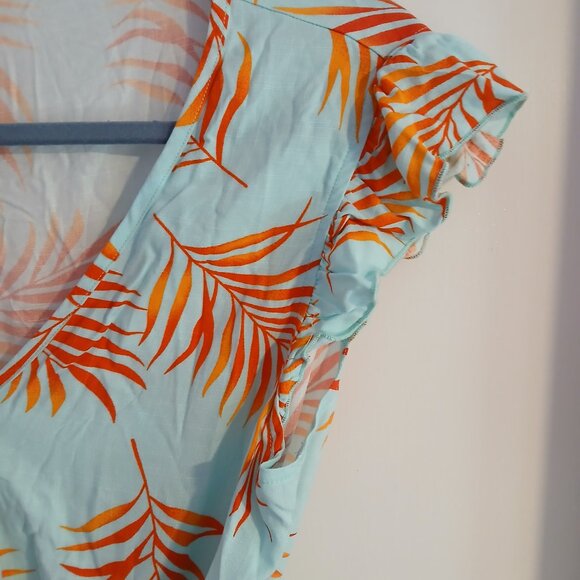 Cupshe Women's Flutter Sleeve Tropical Print Romper SZ M NWT - Picture 5 of 13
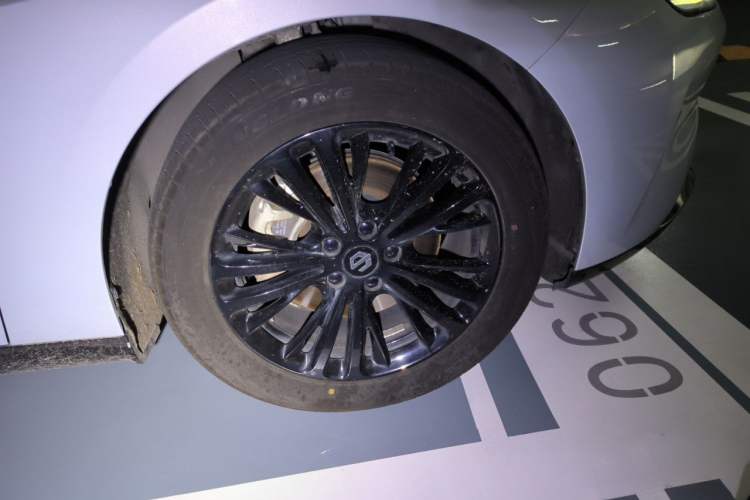 Used Leapmotor C01 2023 525 Comfort Edition Right Front Wheel Hub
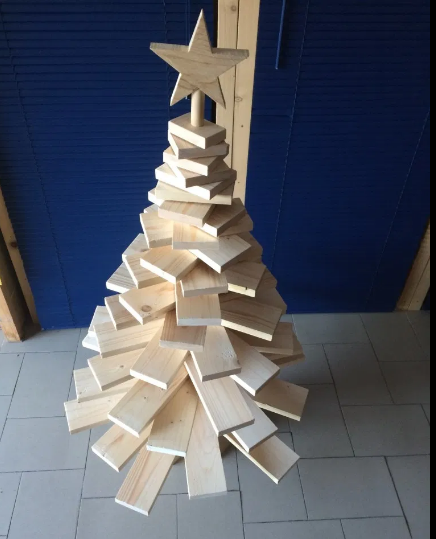 Albero di Natale in legno: un tocco naturale e personalizzabile per le tue feste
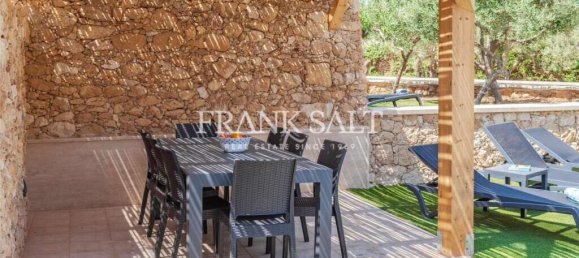 4 bedrooms Villa in Xaghra, Malta No. 6065 7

== Work order ==
Copy out the material above in full and exactly; its pictures are not to appear.

== Result ==
 Cupshe Women's Flutter Sleeve Tropical Print Romper SZ M NWT - Picture 5 of 13
 Used Leapmotor C01 2023 525 Comfort Edition Right Front Wheel Hub
 Albero di Natale in legno: un tocco naturale e personalizzabile per le tue feste
 4 bedrooms Villa in Xaghra, Malta No. 6065 7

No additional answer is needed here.